2.2. Gaussian Process Regression

GPR is a machine learning technique, based on Bayesian theory and statistical learning which has wide applicability to complex regression problems with multiple dimensions and non-linearity [18]. The basic theory of prediction with Gaussian processes dates back to the 1940s [23,24], and, since then, there have been many developments and insights gained into using Gaussian Processes as a regression technique. For example, Jerome Sacks and Wynn [25] introduced GPR for computer experiments and used parameter optimisation in the covariance function and also applied it to experimental design, i.e., the choice of input that provides the most information. Moreover, Rasmussen and Williams [18] described GPR in a machine learning context, and expressed the optimisation of the GPR parameters in terms of co-variance functions.

A python library GPy was used to perform the GPR [26]. Important to the performance of the GPR is the choice of kernel. Here we use a radial basis function (RBF) kernel which has three hyperparameters; length, kernel variance, and the standard deviation of the Gaussian noise. These hyperparameters are automatically tuned via GPy.
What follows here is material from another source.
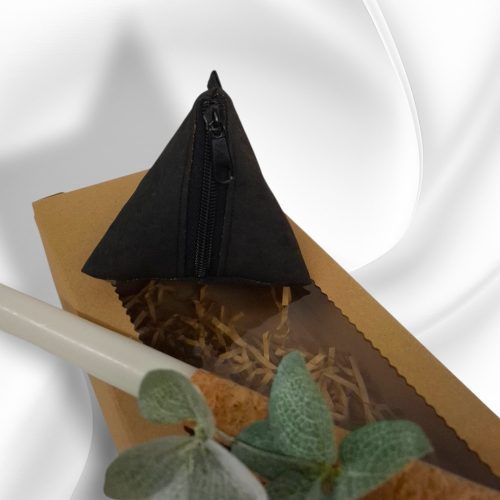 ΛΑΜΠΑΔΑ – ΠΟΡΤΟΦΟΛΑΚΙ ΠΥΡΑΜΙΔΑ ΑΠΟ ΜΑΥΡΟ ΦΕΛΛΟ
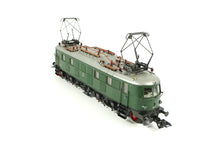 Laden Sie das Bild in den Galerie-Viewer, Märklin H0 Elektrolokomotive BR 1118 ÖBB grün 3369 OVP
2.3. Generative Adversarial Networks

A Generative Adversarial Network (GAN) consists of two neural networks: a generative model or generator, G, and a discriminative model or discriminator, D. The models are trained simultaneously resulting in a generator that can produce samples which appear to be taken from the same distribution as the training data. During training, the generator tries to fool the discriminator that it is generating real data, see [4]. For each data point the following combined loss function is defined for G and D:

L = min_{G} max_{D} [log (D (x)) + log (1 - D (G (α)))]

(1)

where

x \in P_{r}

is a sample from the real data and

α

represents the latent variables. The generator and discriminator are essentially playing a two-player min-max game through the corresponding function

V (G, D)

[4]:

min_{G} max_{D} V (D, G) = E_{x \sim P_{r} (x)} [log D (x)] + E_{z \sim p_{α} (α)} [log (1 - D (G (α)))] .

(2)

GANs are notoriously difficult to train, often reported to suffer from mode collapse and the vanishing gradient problem [14]. Mode collapse occurs when the generator G produces only one solution, or a limited set of solutions, which is/are able to fool the discriminator, and the vanishing gradient problem is described below (Section 2.4).
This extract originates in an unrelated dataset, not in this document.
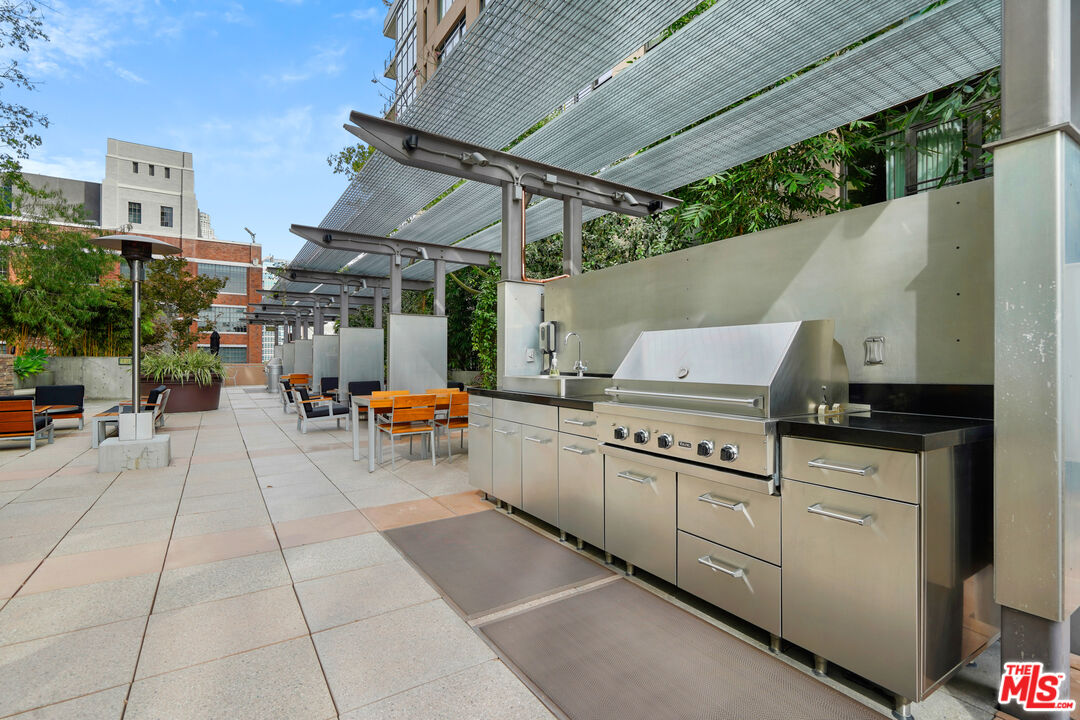 1100 S Hope St Unit: 808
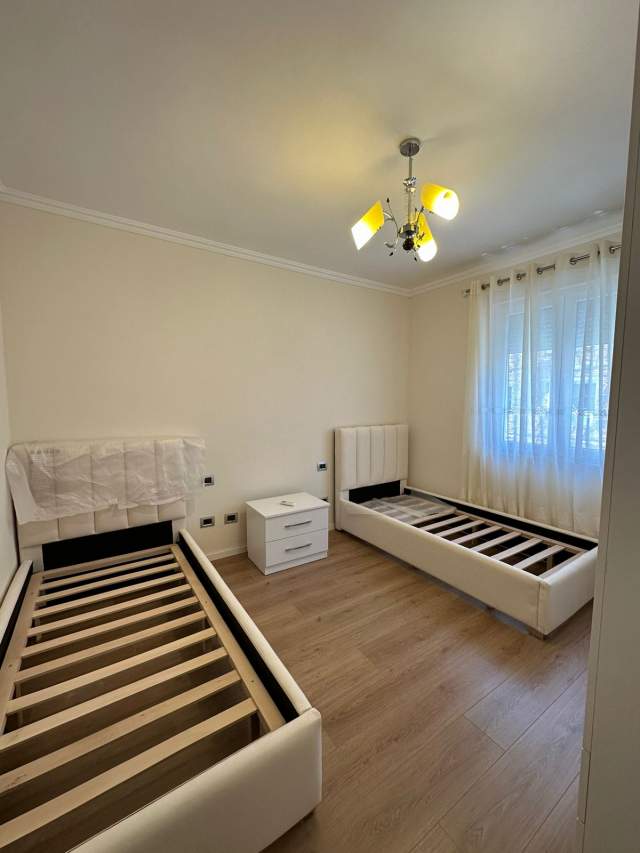Tirane, shitet apartament 1+1+BLK Kati 2, 51 m² 95.000 Euro (Rruga e Barrikadave)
2.4. Wasserstein Generative Adversarial Networks

The WGAN [12] was developed in order to alleviate the issue of the vanishing gradient problem. To measure the distance between probability distributions, rather than use the Jensen-Shannon (JS) divergence (expressed by Equation (1)) as in the GAN, Arjovsky et al proposed the Earth-Mover (EM) or Wasserstein-1 distance:

W (P_{r}, P_{g}) = inf_{γ \in Π (P_{r}, P_{g})} E_{(x, y) \sim γ} [∥ x - y ∥],

(3)

where

Π (P_{r}, P_{g})

denotes the set of all joint distributions

γ (x, y)

whose marginals are respectively

P_{r}

(real data) and

P_{g}

(generated data) [12]. The Wasserstein-1 distance is able to provide a similarity measure between two probability distributions, even when the two probability distributions have no overlap, making it a more sensible cost function. The discriminative model is renamed the critic in the WGAN, as it is not explicitly attempting to classify inputs as real or fake, but rather to determine how real an input is. The WGAN value function is constructed via the Kantorovich-Rubinstein duality as Equation (3) is computationally intractable [12]:

min_{G} max_{D \in D} \underset{x \sim P_{r}}{E} [D (x)] - \underset{\tilde{x} \sim P_{g}}{E} [D (\tilde{x}))]

(4)

where

D

is the set of 1-Lipschitz functions. To enforce the Lipschitz constraint, weight clipping was originally used by Arjovsky et al. [12], who stated that this method of enforcement was terrible, despite it working well for the examples shown in their paper and was, at least, simple. Gulrajani et al. [13] introduced an improvement to weight clipping, by enforcing the Lipschitz constraint with a Gradient Penalty (GP) method. By enforcing a soft version of the constraint with a penalty, the new loss function becomes:

L = \underset{loss of the critic}{\underset{︸}{\underset{\tilde{x} \sim P_{g}}{E} [D (\tilde{x})] - \underset{x \sim P_{r}}{E} [D (x)]}} + \underset{gradient penalty}{\underset{︸}{λ \underset{\hat{x} \sim P_{\hat{x}}}{E} [{({∥\nabla_{\hat{x}} D (\hat{x})∥}_{2} - 1)}^{2}]}} .

(5)

Throughout this study we enforce the Lipschitz constraint by using the GP method in our WGAN models.

2.5. Regression with WGAN

GANs are a type of generative network, the aim of which is to generate realistic looking samples that appear to have been drawn from the same distribution as the training data. The input to a WGAN (and GANs in general) is a set of random numbers (not related to the data) and the output contains the generated sample. Consider simple regression, where a relationship is sought between an independent variable x (also known as covariate or feature) and a dependent variable y (also known as a response). The WGAN is trained to produce both the independent and dependent variables of the regression problem

(x, y)

as its output. In contrast, for feed-forward networks, the input of the network often takes the independent variable and the output, the dependent variable. Therefore, in order to specify a particular value for the independent variable, a prediction algorithm is introduced to the WGAN.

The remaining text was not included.